Task prompt. Retype the data below exactly, skipping pictures.

Data records.
******************************
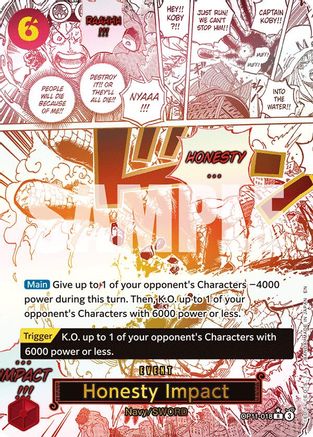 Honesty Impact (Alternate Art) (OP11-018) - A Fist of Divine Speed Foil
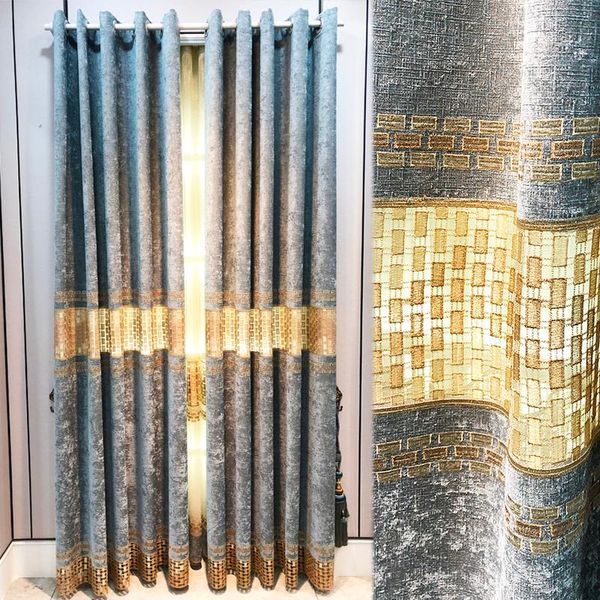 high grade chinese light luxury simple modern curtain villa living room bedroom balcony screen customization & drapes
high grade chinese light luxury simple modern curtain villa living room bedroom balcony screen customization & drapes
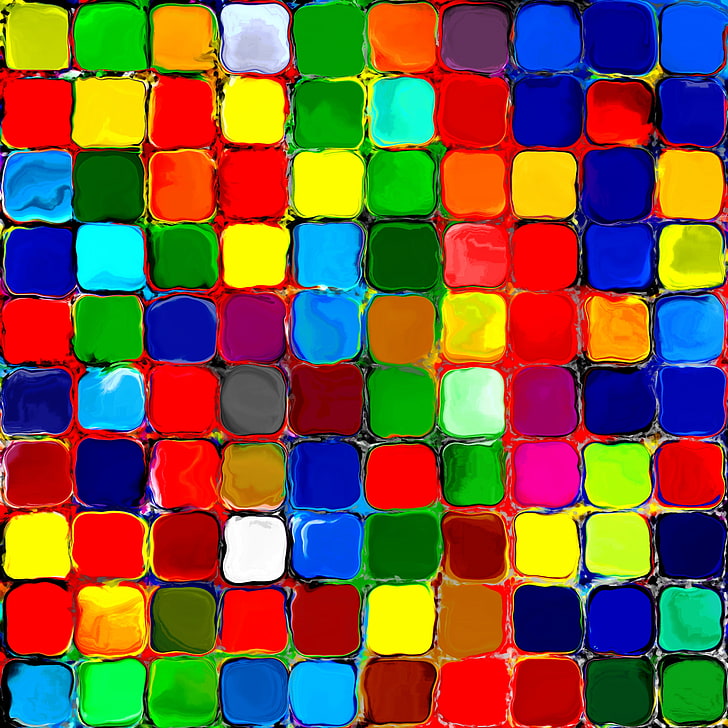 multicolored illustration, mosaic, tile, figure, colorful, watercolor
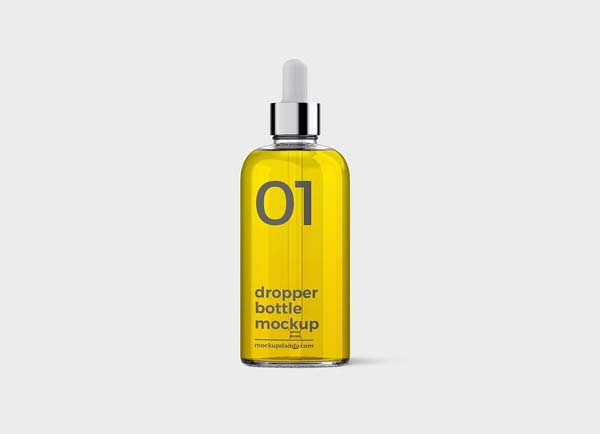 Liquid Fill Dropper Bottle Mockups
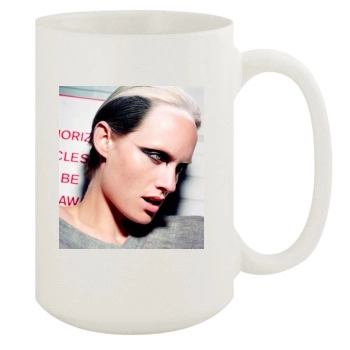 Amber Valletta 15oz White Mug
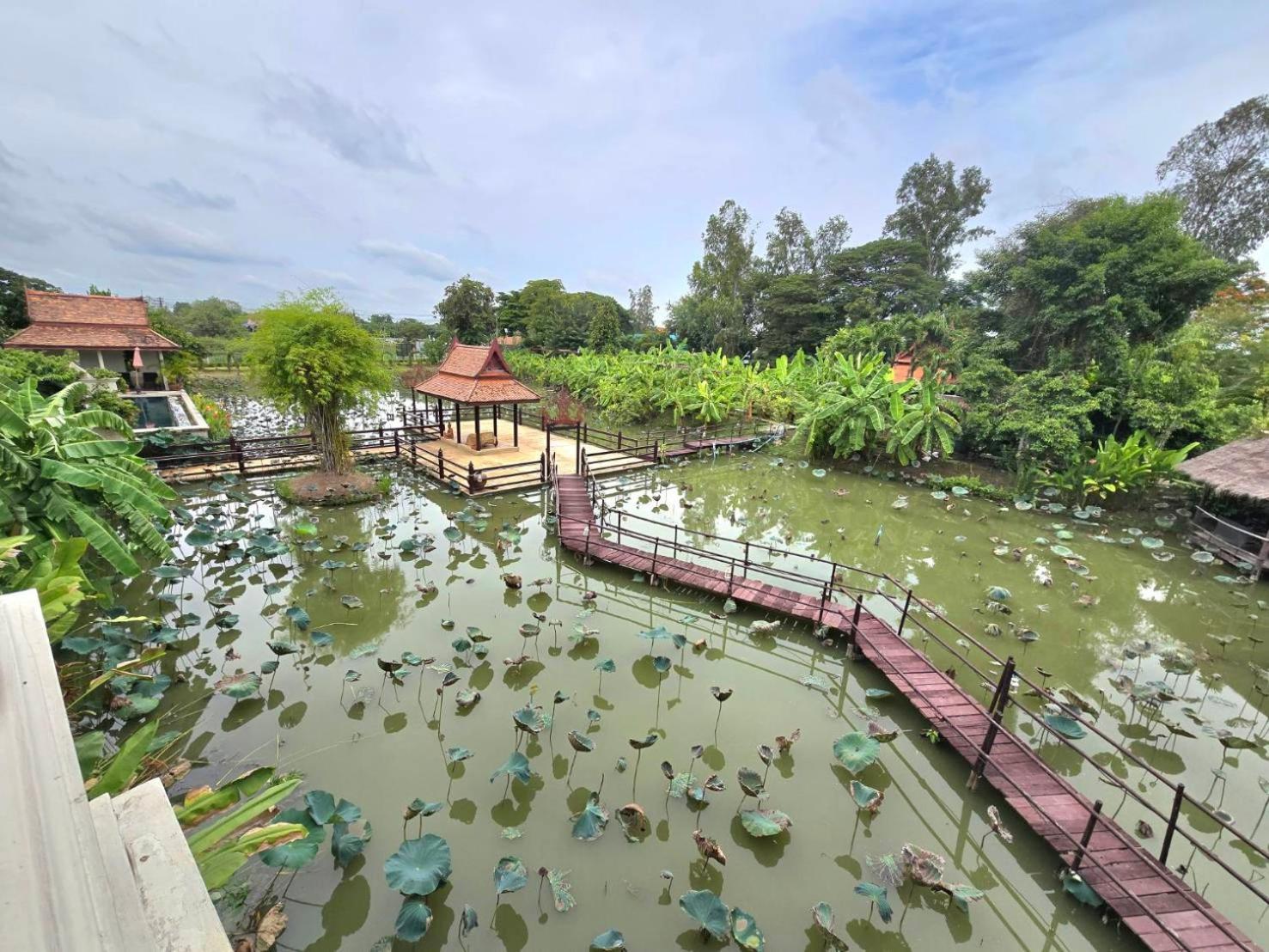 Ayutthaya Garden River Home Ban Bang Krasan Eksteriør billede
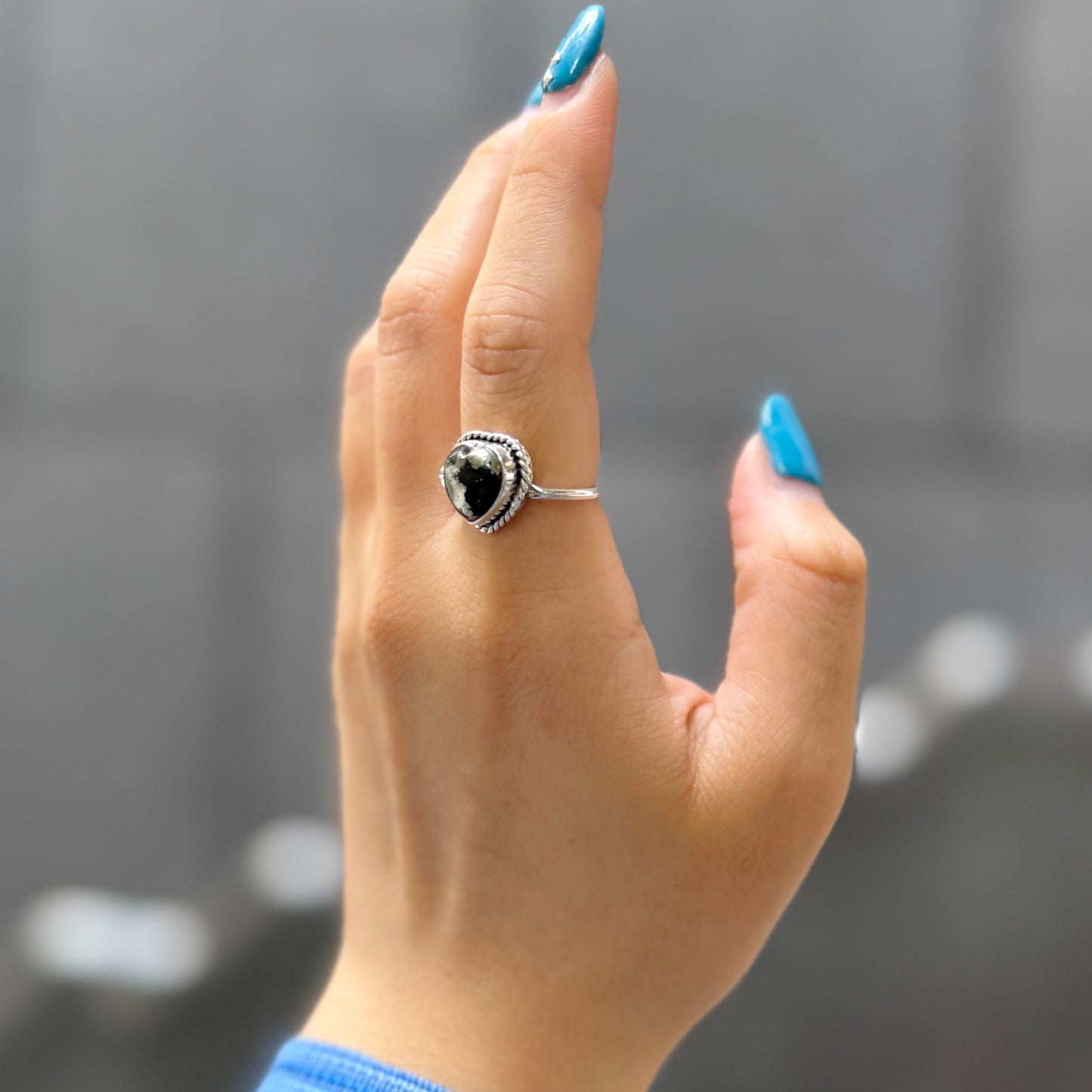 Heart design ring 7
******************************
Answer space.
 Honesty Impact (Alternate Art) (OP11-018) - A Fist of Divine Speed Foil
 high grade chinese light luxury simple modern curtain villa living room bedroom balcony screen customization & drapes
high grade chinese light luxury simple modern curtain villa living room bedroom balcony screen customization & drapes
 multicolored illustration, mosaic, tile, figure, colorful, watercolor
 Liquid Fill Dropper Bottle Mockups
 Amber Valletta 15oz White Mug
 Ayutthaya Garden River Home Ban Bang Krasan Eksteriør billede
 Heart design ring 7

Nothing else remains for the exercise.